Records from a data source
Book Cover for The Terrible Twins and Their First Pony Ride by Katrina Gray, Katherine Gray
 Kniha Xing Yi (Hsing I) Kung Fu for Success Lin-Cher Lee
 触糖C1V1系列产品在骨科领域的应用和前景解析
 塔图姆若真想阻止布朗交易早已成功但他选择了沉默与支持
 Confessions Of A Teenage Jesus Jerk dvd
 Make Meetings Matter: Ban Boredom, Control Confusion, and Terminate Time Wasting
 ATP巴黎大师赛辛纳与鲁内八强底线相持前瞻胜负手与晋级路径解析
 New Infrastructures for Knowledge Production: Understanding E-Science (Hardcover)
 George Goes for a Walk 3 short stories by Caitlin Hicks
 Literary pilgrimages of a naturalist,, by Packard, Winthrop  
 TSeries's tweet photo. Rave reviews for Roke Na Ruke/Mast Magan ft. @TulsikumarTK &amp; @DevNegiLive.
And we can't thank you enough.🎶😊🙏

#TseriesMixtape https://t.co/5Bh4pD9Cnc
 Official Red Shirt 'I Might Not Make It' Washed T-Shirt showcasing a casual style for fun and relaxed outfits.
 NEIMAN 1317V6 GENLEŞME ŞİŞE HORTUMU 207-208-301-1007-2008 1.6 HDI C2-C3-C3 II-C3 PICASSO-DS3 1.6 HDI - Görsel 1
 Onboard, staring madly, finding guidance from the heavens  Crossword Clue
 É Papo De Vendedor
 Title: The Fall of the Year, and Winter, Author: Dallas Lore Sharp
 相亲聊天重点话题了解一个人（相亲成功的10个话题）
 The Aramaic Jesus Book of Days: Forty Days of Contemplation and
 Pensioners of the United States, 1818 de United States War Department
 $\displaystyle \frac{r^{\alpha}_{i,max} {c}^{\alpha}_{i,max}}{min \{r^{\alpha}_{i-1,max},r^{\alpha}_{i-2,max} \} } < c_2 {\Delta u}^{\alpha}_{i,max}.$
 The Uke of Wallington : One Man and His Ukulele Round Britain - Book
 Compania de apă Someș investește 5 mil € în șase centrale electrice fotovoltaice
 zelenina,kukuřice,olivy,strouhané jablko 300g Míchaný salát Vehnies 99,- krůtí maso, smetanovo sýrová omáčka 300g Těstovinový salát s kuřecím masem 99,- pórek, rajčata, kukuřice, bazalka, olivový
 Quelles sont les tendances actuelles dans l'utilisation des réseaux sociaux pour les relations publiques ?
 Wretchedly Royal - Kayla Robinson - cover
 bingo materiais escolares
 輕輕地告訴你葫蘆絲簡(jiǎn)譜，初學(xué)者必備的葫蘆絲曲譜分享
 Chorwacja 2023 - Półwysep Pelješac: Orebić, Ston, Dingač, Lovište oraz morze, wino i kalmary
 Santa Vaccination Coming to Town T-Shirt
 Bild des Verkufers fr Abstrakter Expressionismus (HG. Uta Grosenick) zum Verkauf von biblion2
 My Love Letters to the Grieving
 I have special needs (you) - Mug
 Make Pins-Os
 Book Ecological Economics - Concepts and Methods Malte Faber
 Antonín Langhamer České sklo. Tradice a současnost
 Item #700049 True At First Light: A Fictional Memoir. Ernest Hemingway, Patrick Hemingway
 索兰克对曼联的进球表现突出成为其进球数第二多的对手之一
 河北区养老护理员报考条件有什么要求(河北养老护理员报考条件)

Prompt
Send back all of the entries exactly, with nothing missing.

Response area
Book Cover for The Terrible Twins and Their First Pony Ride by Katrina Gray, Katherine Gray
 Kniha Xing Yi (Hsing I) Kung Fu for Success Lin-Cher Lee
 触糖C1V1系列产品在骨科领域的应用和前景解析
 塔图姆若真想阻止布朗交易早已成功但他选择了沉默与支持
 Confessions Of A Teenage Jesus Jerk dvd
 Make Meetings Matter: Ban Boredom, Control Confusion, and Terminate Time Wasting
 ATP巴黎大师赛辛纳与鲁内八强底线相持前瞻胜负手与晋级路径解析
 New Infrastructures for Knowledge Production: Understanding E-Science (Hardcover)
 George Goes for a Walk 3 short stories by Caitlin Hicks
 Literary pilgrimages of a naturalist,, by Packard, Winthrop  
 TSeries's tweet photo. Rave reviews for Roke Na Ruke/Mast Magan ft. @TulsikumarTK &amp; @DevNegiLive.
And we can't thank you enough.🎶😊🙏

#TseriesMixtape https://t.co/5Bh4pD9Cnc
 Official Red Shirt 'I Might Not Make It' Washed T-Shirt showcasing a casual style for fun and relaxed outfits.
 NEIMAN 1317V6 GENLEŞME ŞİŞE HORTUMU 207-208-301-1007-2008 1.6 HDI C2-C3-C3 II-C3 PICASSO-DS3 1.6 HDI - Görsel 1
 Onboard, staring madly, finding guidance from the heavens  Crossword Clue
 É Papo De Vendedor
 Title: The Fall of the Year, and Winter, Author: Dallas Lore Sharp
 相亲聊天重点话题了解一个人（相亲成功的10个话题）
 The Aramaic Jesus Book of Days: Forty Days of Contemplation and
 Pensioners of the United States, 1818 de United States War Department
 $\displaystyle \frac{r^{\alpha}_{i,max} {c}^{\alpha}_{i,max}}{min \{r^{\alpha}_{i-1,max},r^{\alpha}_{i-2,max} \} } < c_2 {\Delta u}^{\alpha}_{i,max}.$
 The Uke of Wallington : One Man and His Ukulele Round Britain - Book
 Compania de apă Someș investește 5 mil € în șase centrale electrice fotovoltaice
 zelenina,kukuřice,olivy,strouhané jablko 300g Míchaný salát Vehnies 99,- krůtí maso, smetanovo sýrová omáčka 300g Těstovinový salát s kuřecím masem 99,- pórek, rajčata, kukuřice, bazalka, olivový
 Quelles sont les tendances actuelles dans l'utilisation des réseaux sociaux pour les relations publiques ?
 Wretchedly Royal - Kayla Robinson - cover
 bingo materiais escolares
 輕輕地告訴你葫蘆絲簡(jiǎn)譜，初學(xué)者必備的葫蘆絲曲譜分享
 Chorwacja 2023 - Półwysep Pelješac: Orebić, Ston, Dingač, Lovište oraz morze, wino i kalmary
 Santa Vaccination Coming to Town T-Shirt
 Bild des Verkufers fr Abstrakter Expressionismus (HG. Uta Grosenick) zum Verkauf von biblion2
 My Love Letters to the Grieving
 I have special needs (you) - Mug
 Make Pins-Os
 Book Ecological Economics - Concepts and Methods Malte Faber
 Antonín Langhamer České sklo. Tradice a současnost
 Item #700049 True At First Light: A Fictional Memoir. Ernest Hemingway, Patrick Hemingway
 索兰克对曼联的进球表现突出成为其进球数第二多的对手之一
 河北区养老护理员报考条件有什么要求(河北养老护理员报考条件)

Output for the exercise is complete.